# Exercise objective
Each line that includes "Pink" must be copied from the records.

# Data for the task
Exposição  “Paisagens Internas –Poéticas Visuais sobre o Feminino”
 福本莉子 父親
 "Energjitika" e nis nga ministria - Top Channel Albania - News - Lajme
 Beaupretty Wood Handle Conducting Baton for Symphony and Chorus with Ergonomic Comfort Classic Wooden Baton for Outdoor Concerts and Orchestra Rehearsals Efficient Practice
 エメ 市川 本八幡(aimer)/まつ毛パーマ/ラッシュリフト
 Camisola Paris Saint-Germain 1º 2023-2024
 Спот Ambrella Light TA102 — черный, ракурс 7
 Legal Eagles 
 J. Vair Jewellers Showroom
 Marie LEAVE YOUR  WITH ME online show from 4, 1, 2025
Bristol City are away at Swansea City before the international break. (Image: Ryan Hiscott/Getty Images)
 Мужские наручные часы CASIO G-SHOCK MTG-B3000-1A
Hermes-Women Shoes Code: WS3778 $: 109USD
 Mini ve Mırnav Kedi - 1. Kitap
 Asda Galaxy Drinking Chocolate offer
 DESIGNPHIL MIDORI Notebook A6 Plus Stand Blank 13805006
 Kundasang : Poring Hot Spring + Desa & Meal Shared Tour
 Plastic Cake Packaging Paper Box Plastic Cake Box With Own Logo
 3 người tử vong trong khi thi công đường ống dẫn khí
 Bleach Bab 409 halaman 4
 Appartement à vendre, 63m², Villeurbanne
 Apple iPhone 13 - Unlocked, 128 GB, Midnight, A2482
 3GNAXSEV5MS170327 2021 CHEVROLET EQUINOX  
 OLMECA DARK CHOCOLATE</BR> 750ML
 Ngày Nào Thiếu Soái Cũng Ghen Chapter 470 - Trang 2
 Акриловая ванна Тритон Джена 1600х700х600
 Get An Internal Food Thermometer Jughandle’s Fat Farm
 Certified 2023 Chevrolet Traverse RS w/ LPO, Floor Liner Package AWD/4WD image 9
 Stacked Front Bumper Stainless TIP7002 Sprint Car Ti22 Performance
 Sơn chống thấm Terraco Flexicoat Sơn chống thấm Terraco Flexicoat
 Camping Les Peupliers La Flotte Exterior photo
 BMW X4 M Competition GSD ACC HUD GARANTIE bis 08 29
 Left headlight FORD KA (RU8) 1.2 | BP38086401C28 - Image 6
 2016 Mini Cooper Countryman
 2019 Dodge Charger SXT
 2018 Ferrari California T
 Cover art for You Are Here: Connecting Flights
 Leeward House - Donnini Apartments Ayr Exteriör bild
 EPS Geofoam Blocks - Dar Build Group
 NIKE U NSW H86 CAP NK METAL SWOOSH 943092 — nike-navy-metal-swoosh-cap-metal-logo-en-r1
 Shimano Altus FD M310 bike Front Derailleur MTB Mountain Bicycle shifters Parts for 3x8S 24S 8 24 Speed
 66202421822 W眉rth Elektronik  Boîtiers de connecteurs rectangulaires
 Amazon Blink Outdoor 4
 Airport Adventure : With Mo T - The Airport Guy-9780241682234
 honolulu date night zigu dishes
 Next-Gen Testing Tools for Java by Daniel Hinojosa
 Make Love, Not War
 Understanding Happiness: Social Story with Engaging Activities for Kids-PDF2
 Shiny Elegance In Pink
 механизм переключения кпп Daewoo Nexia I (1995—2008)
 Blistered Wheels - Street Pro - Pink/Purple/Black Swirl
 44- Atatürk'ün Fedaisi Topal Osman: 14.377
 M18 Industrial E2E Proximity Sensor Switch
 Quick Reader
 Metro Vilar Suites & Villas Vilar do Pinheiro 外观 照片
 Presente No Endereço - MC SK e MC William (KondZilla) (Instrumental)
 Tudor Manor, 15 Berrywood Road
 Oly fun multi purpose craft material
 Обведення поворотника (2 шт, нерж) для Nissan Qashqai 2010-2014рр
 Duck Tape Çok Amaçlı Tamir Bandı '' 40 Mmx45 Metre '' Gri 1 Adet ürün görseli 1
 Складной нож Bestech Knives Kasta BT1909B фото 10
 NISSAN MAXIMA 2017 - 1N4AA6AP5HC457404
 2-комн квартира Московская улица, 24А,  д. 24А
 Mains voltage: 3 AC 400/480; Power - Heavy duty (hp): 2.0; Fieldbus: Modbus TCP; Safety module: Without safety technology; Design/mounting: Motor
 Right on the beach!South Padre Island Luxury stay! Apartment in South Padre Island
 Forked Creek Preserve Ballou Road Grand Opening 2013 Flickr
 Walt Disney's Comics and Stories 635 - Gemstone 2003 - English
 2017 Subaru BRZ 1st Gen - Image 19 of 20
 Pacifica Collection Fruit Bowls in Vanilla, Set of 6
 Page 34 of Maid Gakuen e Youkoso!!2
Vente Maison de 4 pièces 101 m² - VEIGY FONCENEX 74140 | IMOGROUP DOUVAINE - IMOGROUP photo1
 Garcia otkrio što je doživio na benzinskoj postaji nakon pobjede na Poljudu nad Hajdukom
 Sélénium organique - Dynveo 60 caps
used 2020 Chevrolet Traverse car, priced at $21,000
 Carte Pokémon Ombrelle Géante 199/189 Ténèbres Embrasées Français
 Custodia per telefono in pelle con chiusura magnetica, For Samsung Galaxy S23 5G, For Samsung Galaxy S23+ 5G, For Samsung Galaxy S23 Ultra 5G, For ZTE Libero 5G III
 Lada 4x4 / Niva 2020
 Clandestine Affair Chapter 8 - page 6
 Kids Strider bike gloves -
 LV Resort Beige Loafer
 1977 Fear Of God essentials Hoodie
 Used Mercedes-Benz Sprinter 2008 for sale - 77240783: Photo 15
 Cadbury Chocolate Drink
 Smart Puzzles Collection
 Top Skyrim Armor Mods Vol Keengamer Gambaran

# Written solution
 Shiny Elegance In Pink
 Blistered Wheels - Street Pro - Pink/Purple/Black Swirl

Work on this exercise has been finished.